THE PROBLEM:
Find the line with "Buy Henson Automatic" in the records below. Copy it and every line after it, up to and including the line with "Oval Mini Rocker Switch 26 x 11 mm, 2 Pin".
[RECORDED DATA]
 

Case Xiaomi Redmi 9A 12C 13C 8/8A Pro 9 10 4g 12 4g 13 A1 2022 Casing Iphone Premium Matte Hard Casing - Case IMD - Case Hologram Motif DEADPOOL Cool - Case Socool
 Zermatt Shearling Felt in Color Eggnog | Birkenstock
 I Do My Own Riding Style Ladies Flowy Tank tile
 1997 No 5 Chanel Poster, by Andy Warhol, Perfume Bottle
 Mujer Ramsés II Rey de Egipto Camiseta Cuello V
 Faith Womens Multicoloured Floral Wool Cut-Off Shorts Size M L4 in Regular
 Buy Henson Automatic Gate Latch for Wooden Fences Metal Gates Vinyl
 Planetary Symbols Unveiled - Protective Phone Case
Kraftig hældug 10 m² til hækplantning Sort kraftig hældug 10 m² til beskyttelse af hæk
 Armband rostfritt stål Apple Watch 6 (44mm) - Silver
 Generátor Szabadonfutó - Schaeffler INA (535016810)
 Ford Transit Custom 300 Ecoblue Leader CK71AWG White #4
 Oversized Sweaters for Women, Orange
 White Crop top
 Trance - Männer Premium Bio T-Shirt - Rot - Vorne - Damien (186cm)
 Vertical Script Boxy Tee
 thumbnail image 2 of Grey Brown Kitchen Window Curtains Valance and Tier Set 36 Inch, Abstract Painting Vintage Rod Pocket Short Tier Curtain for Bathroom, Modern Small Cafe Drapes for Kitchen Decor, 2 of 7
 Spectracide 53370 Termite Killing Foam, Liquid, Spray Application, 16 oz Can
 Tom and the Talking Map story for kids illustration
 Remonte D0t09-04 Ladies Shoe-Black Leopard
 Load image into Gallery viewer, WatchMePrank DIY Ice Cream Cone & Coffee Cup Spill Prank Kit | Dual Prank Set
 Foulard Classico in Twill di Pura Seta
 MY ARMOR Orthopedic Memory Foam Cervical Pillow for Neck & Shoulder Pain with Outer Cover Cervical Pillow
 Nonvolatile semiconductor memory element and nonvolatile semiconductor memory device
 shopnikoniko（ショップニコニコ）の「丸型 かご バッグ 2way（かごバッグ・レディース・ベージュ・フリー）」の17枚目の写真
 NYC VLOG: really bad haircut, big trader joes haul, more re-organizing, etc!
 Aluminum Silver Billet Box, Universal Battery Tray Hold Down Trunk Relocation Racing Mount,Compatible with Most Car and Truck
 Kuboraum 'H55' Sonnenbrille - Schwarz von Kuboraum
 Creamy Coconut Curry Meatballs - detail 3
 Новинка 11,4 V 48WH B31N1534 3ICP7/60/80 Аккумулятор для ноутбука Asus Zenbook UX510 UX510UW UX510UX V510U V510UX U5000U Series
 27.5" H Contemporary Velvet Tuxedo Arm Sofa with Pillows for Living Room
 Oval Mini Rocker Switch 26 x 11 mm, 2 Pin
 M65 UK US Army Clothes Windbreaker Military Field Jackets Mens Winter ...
[/RECORDED DATA]
EXERCISE SOLUTION:
 Buy Henson Automatic Gate Latch for Wooden Fences Metal Gates Vinyl
 Planetary Symbols Unveiled - Protective Phone Case
Kraftig hældug 10 m² til hækplantning Sort kraftig hældug 10 m² til beskyttelse af hæk
 Armband rostfritt stål Apple Watch 6 (44mm) - Silver
 Generátor Szabadonfutó - Schaeffler INA (535016810)
 Ford Transit Custom 300 Ecoblue Leader CK71AWG White #4
 Oversized Sweaters for Women, Orange
 White Crop top
 Trance - Männer Premium Bio T-Shirt - Rot - Vorne - Damien (186cm)
 Vertical Script Boxy Tee
 thumbnail image 2 of Grey Brown Kitchen Window Curtains Valance and Tier Set 36 Inch, Abstract Painting Vintage Rod Pocket Short Tier Curtain for Bathroom, Modern Small Cafe Drapes for Kitchen Decor, 2 of 7
 Spectracide 53370 Termite Killing Foam, Liquid, Spray Application, 16 oz Can
 Tom and the Talking Map story for kids illustration
 Remonte D0t09-04 Ladies Shoe-Black Leopard
 Load image into Gallery viewer, WatchMePrank DIY Ice Cream Cone & Coffee Cup Spill Prank Kit | Dual Prank Set
 Foulard Classico in Twill di Pura Seta
 MY ARMOR Orthopedic Memory Foam Cervical Pillow for Neck & Shoulder Pain with Outer Cover Cervical Pillow
 Nonvolatile semiconductor memory element and nonvolatile semiconductor memory device
 shopnikoniko（ショップニコニコ）の「丸型 かご バッグ 2way（かごバッグ・レディース・ベージュ・フリー）」の17枚目の写真
 NYC VLOG: really bad haircut, big trader joes haul, more re-organizing, etc!
 Aluminum Silver Billet Box, Universal Battery Tray Hold Down Trunk Relocation Racing Mount,Compatible with Most Car and Truck
 Kuboraum 'H55' Sonnenbrille - Schwarz von Kuboraum
 Creamy Coconut Curry Meatballs - detail 3
 Новинка 11,4 V 48WH B31N1534 3ICP7/60/80 Аккумулятор для ноутбука Asus Zenbook UX510 UX510UW UX510UX V510U V510UX U5000U Series
 27.5" H Contemporary Velvet Tuxedo Arm Sofa with Pillows for Living Room
 Oval Mini Rocker Switch 26 x 11 mm, 2 Pin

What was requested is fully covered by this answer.